Nachdem ich beim Angeln gescheitert
war, aber wichtige Erfahrungen zum Thema Mücken gesammelt hatte,
ging ich auf Pilzjagd. Direkt vorm Haus beginnen die Fichtenwälder,
in denen es weder Handyempfang gibt noch Wege, die auch nur den Namen
Pfad verdienen. Der Boden ist überall sumpfig; wer hier verloren
geht, wird nie wieder gefunden.
Egal, ich habe nicht vor, mich außer
Sichtweite des Hauses zu begeben. Pilze wachsen, wohin ich auch
schaue, ich muss nur sehen, dass ich den Mücken nicht zum Opfer
falle.

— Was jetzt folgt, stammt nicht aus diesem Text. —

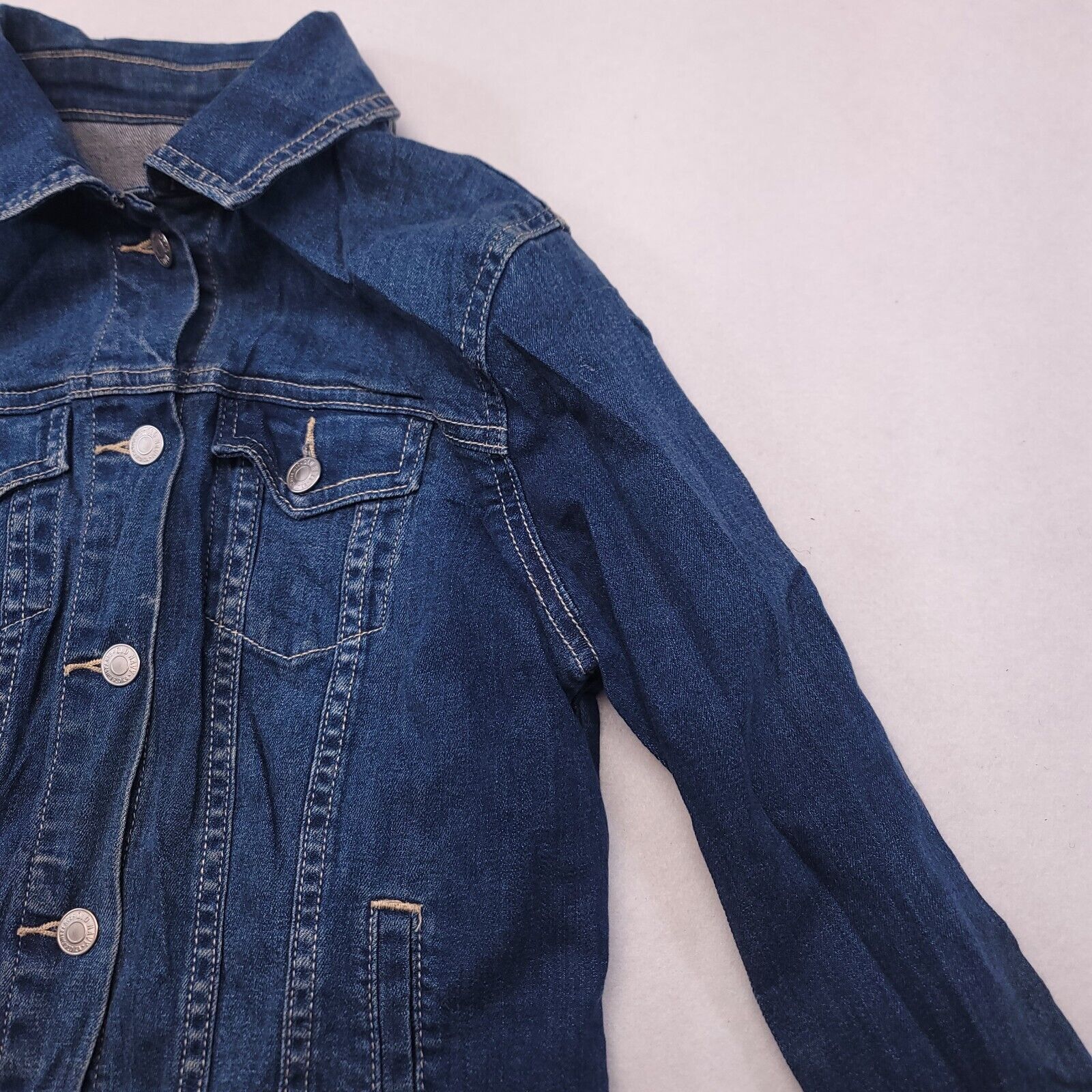 Old Navy Old Navy Casual Button Up Denim Jacket Womens Size S Blue Size S / US 4 / IT 40 - 5 Thumbnail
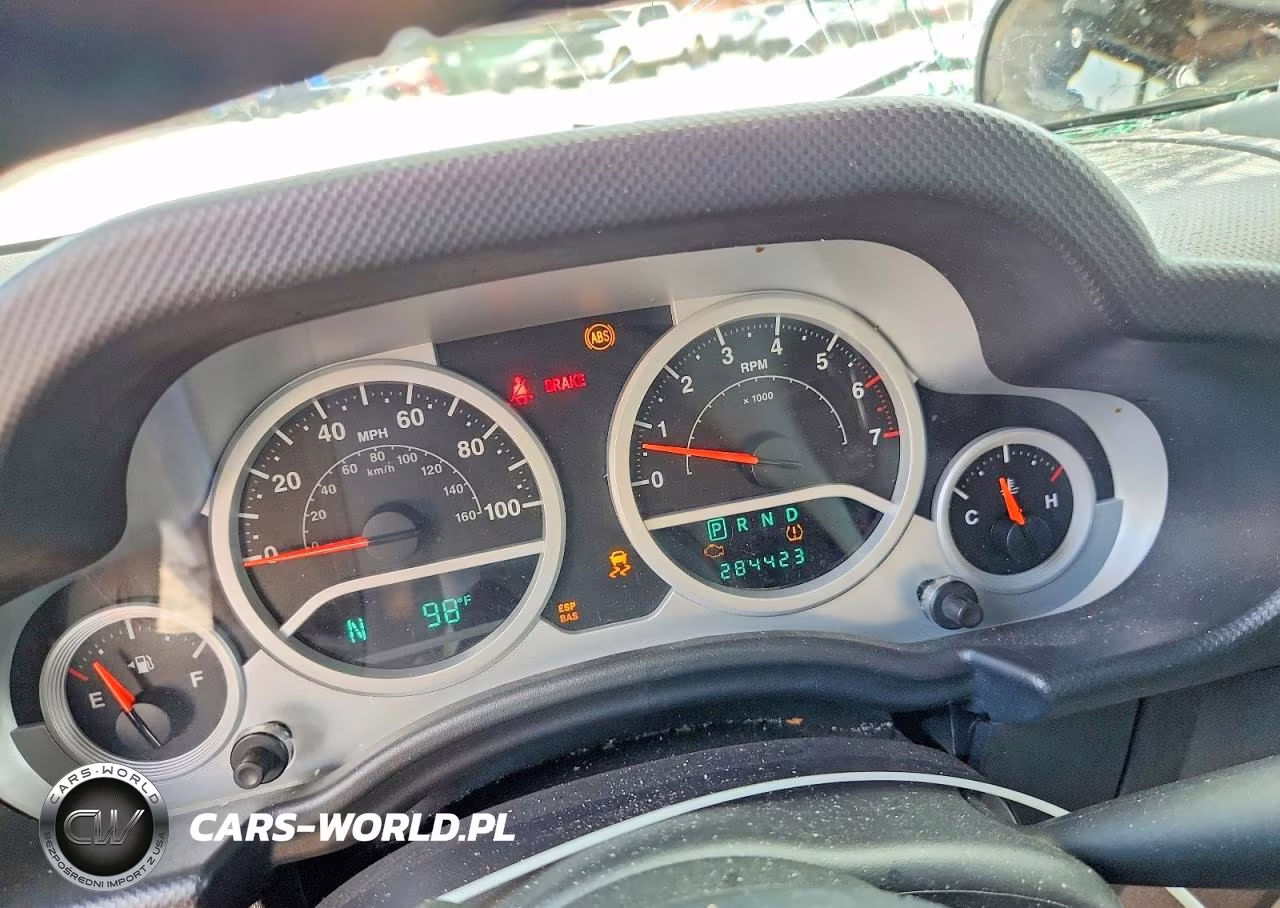 2010 Jeep Wrangler Unlimited Sport VIN:1J4BA3H1XAL184944 - 9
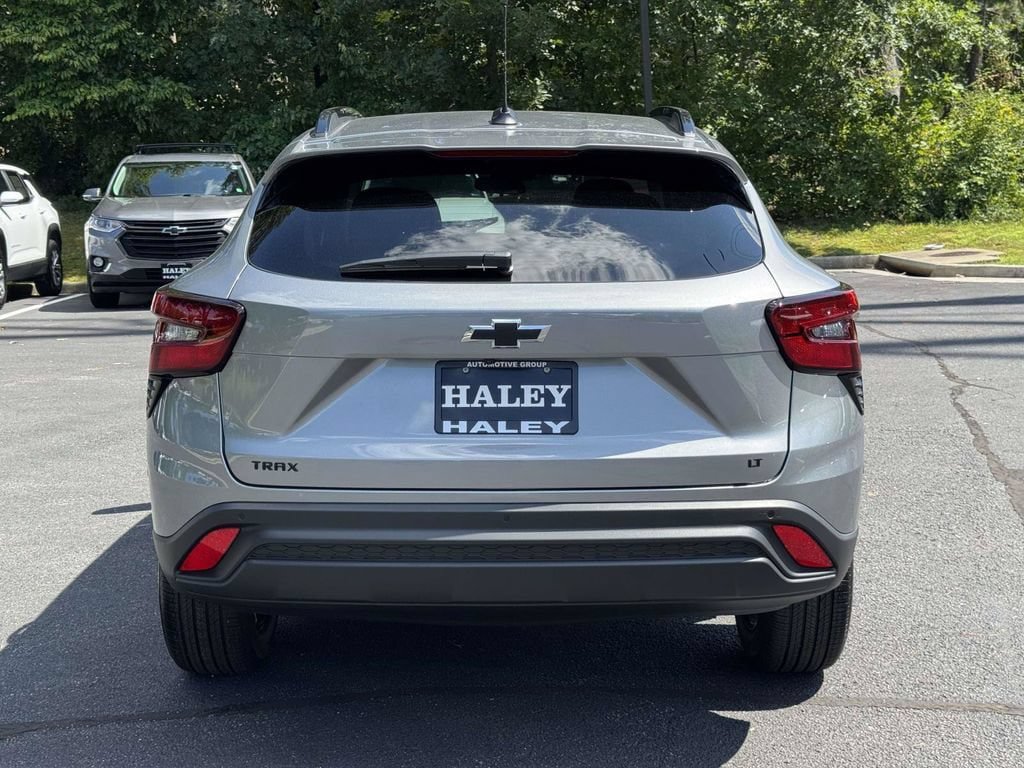New 2026 Chevrolet Trax LT w/ Driver Confidence Package FWD image 22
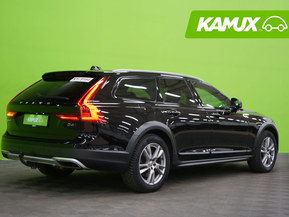 Volvo V90 Cross Country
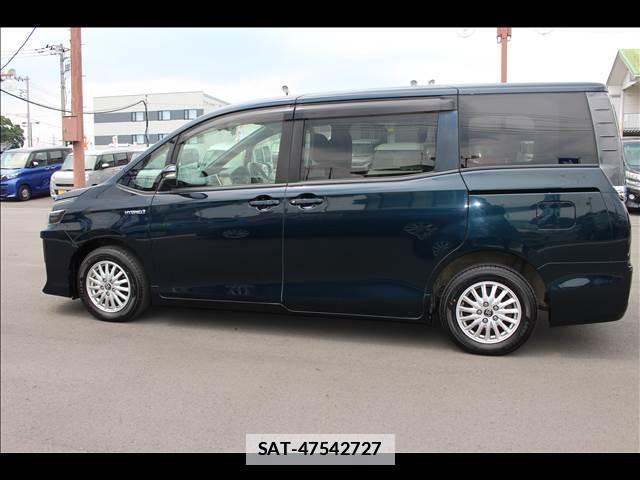 Toyota VOXY 2015-06 7816491-18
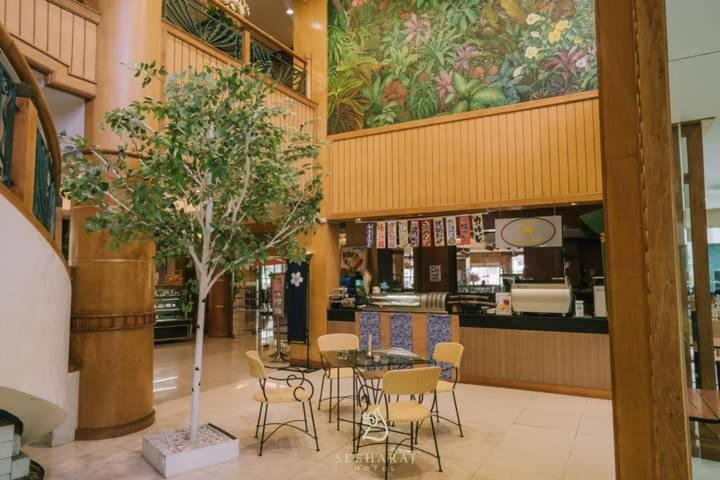Seeharaj Hotel Uttaradit Bagian luar foto
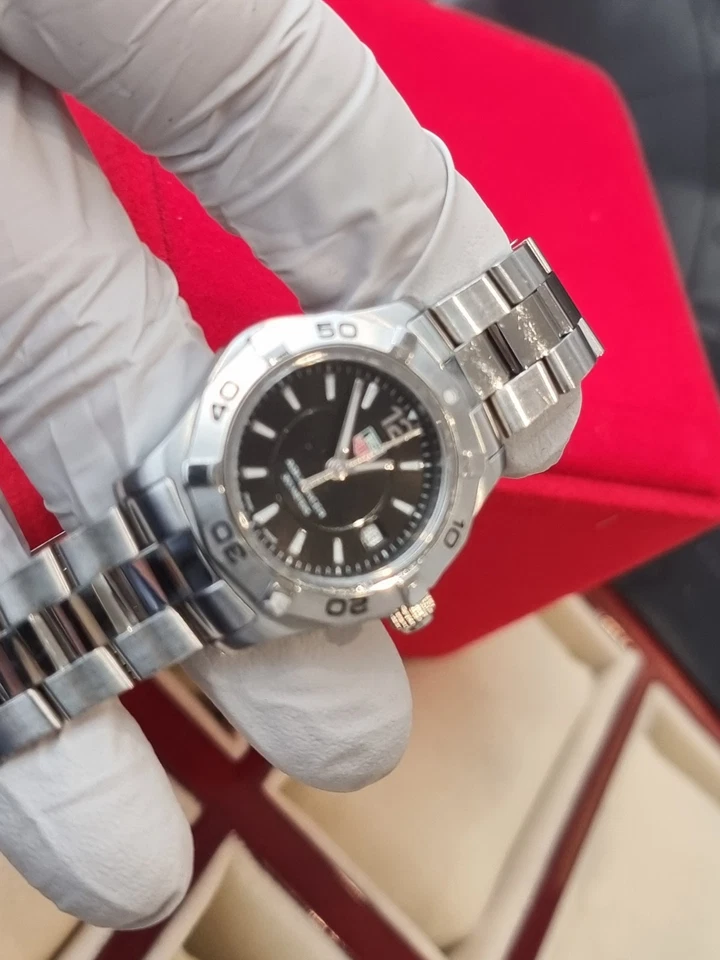 TAG HEUER LADY AQUARACER QUARTZ WAF1410 Very Good Condition Black Dial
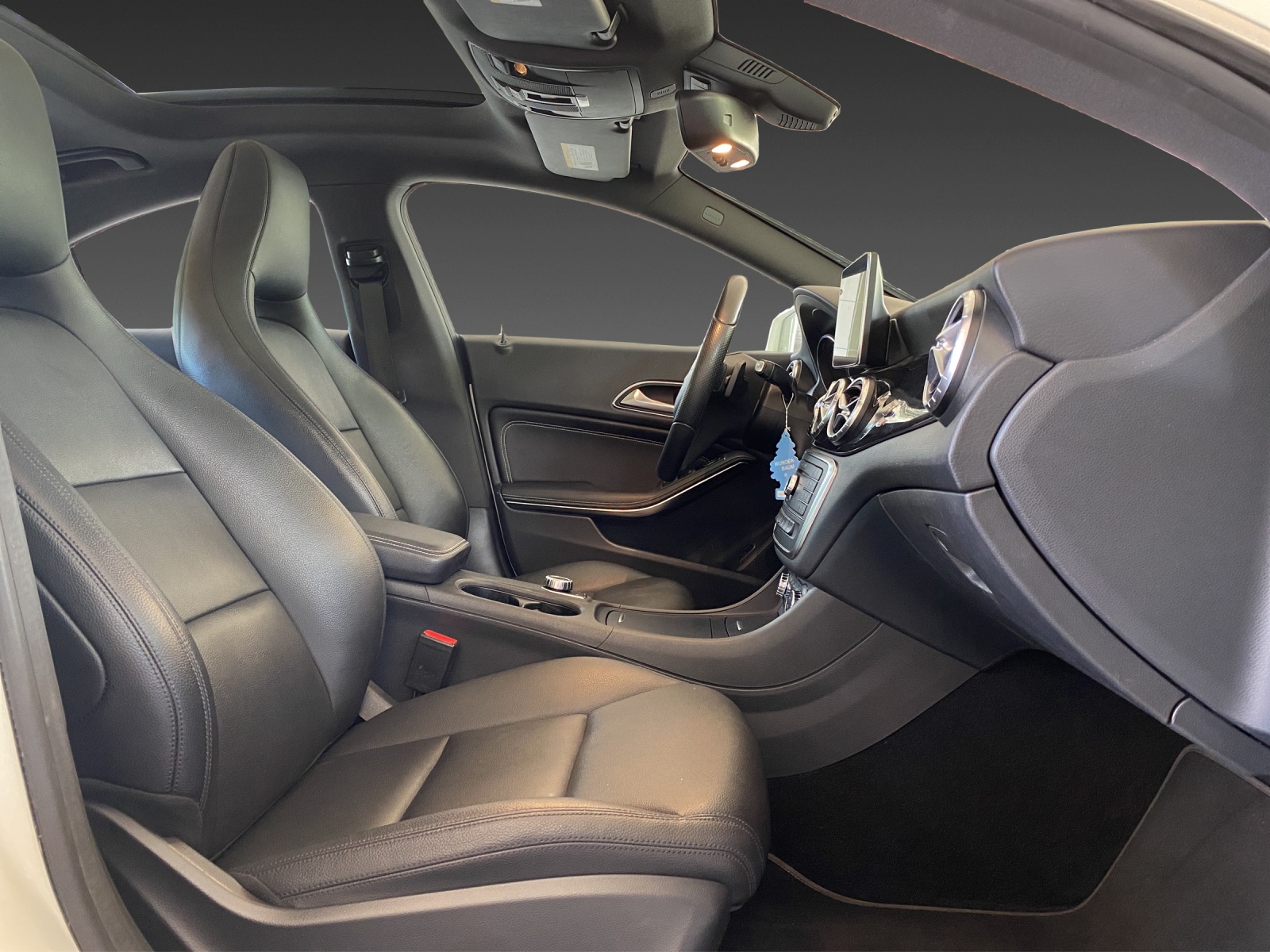 MERCEDES-BENZ CLA 250 Urban 7G-DCT 4Matic-image-13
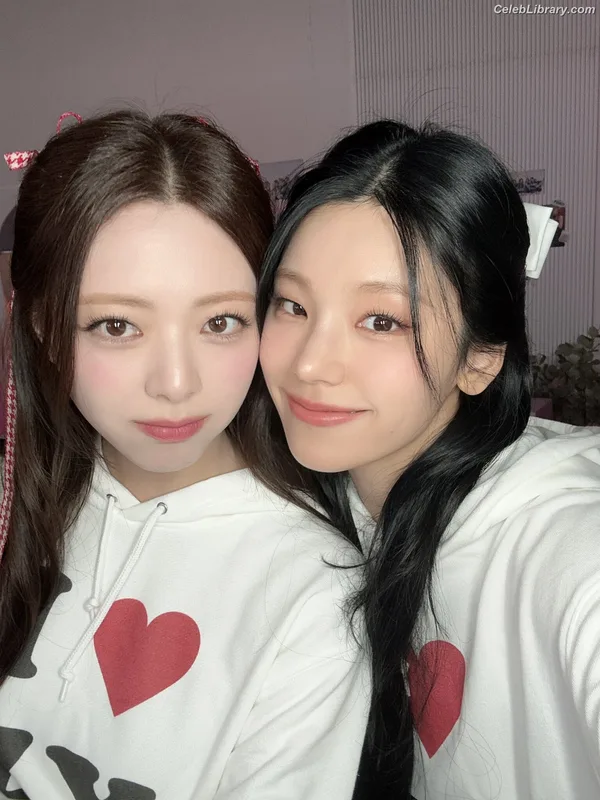Yuna - ITZY (유나, Shin Yu Na) photo 15 of 1698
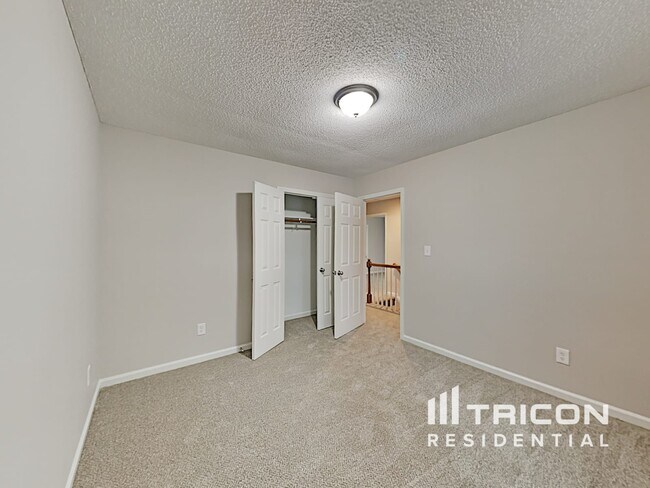 Building Photo - 5000 Baffin Ct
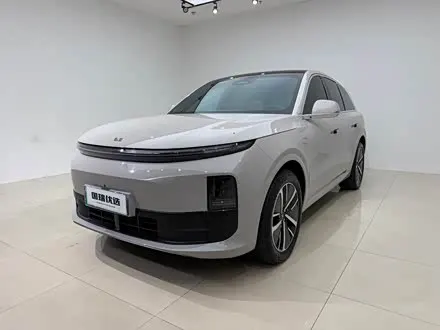LI AUTO L6 2024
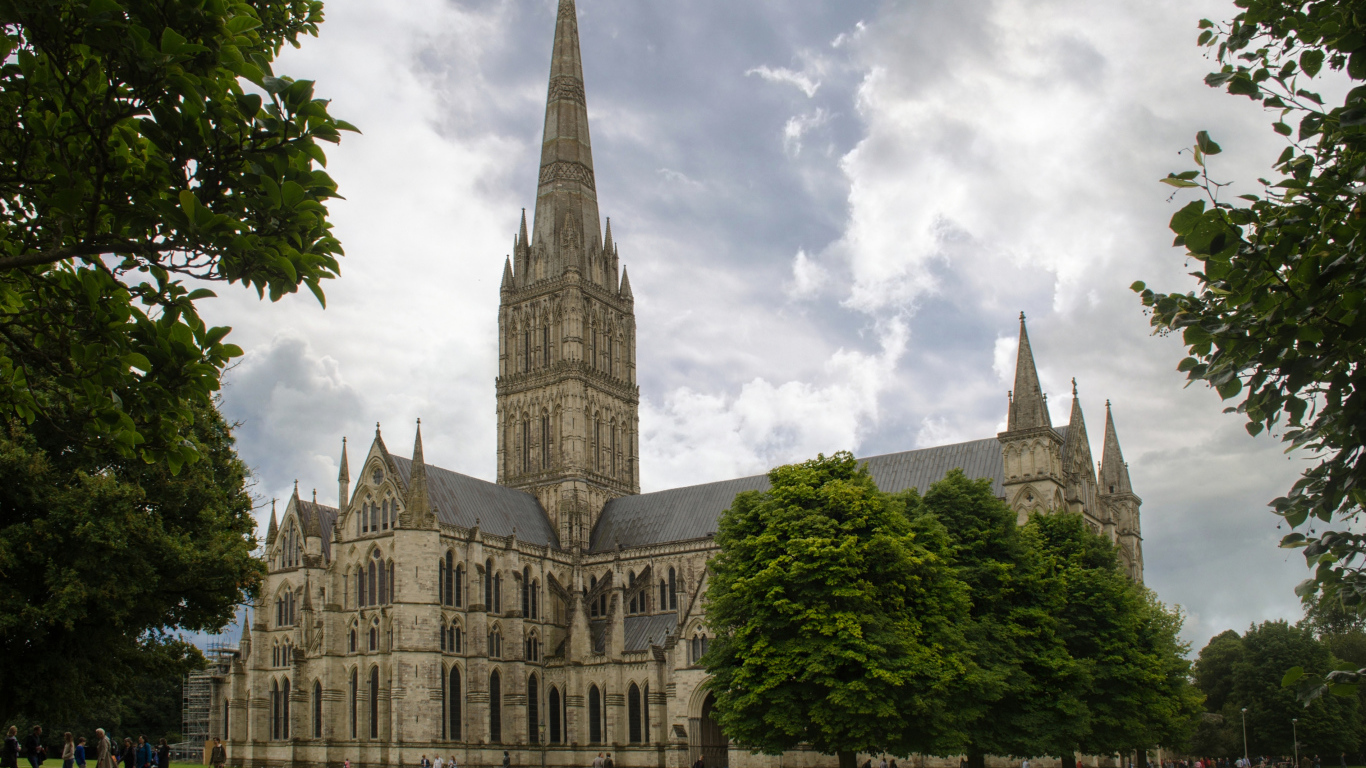 Старинный Солсберийский собор на фоне неба, Англия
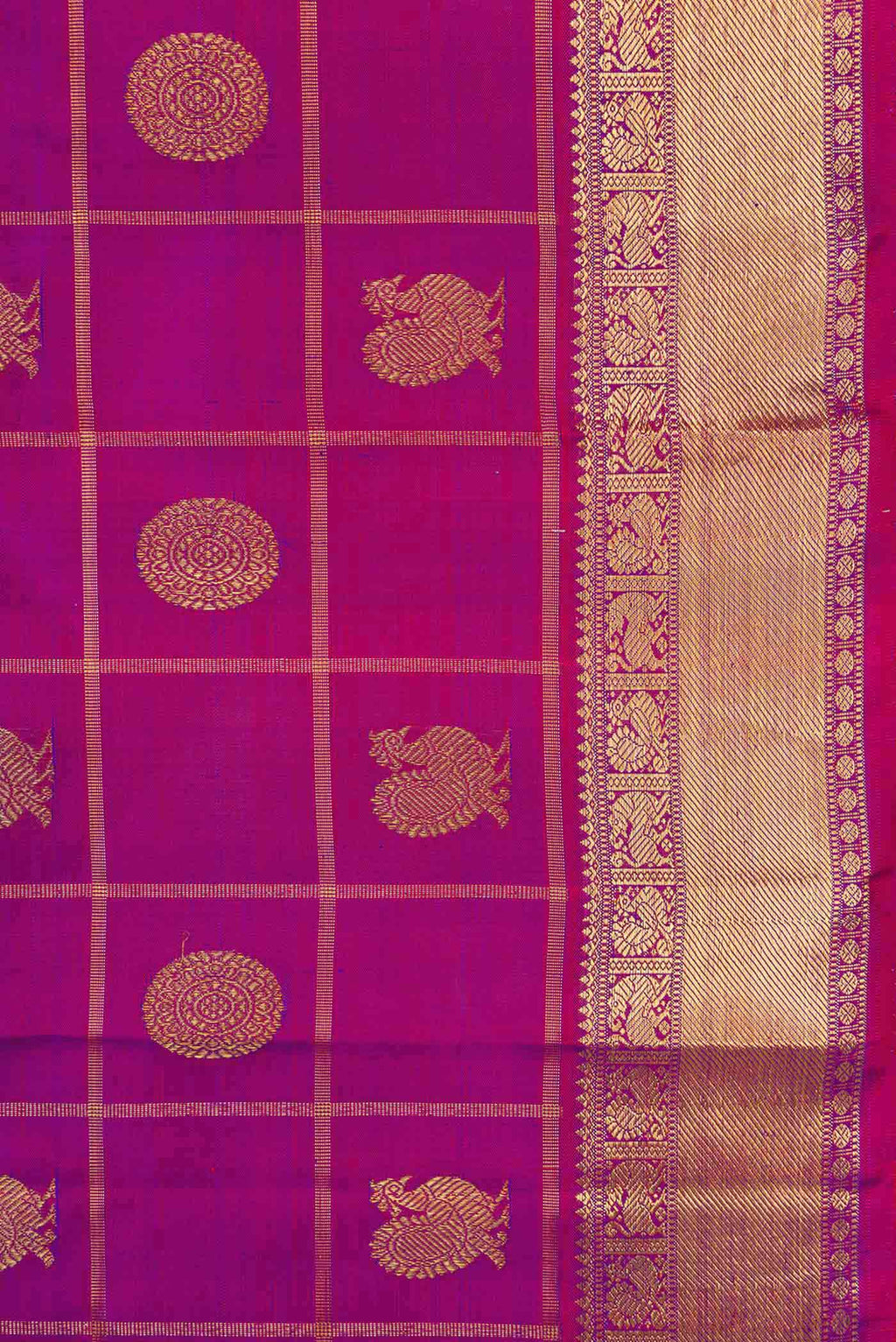 Border image of Pure Silk Pure Zari Purple Dual Tone Kanchipuram Saree with Checked design on the body and Zari Border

Ich schwitze, sobald ich das Haus verlasse, ausgerüstet mit
einem imkerähnlichen Gesichtsschleier, langärmliger Jacke und
Handschuhen. Außentemperatur 20 Grad, Luftfeuchtigkeit gefühlte 100
Prozent. Die Mücken freuen sich, mich zu sehen. Sofort bin ich
umhüllt von einer dichten Insektenwolke, die sinnlos gegen meinen
Imkerhut anstürmt.
Rasch fülle ich mein Körbchen, dessen
Inhalt ich abends zubereite. Essen muss ich aber allein, denn
Michaela mag nicht nur keine Pilze, sie muss auch in der Lage sein,
mich später ins Krankenhaus zu fahren, falls ein Giftpilz mit im
Korb war. Nun ja, nicht alles geht schief, was schiefgehen kann.
Für die Rallye in diesem Sommer hoff
ich nur, dass 2015 eins der Jahre ist, in denen es wenig Mücken
gibt. Das soll nämlich auch vorkommen, sagt Michaela. Dafür wär's
mir dann auch egal, ob's viele Pilze gibt.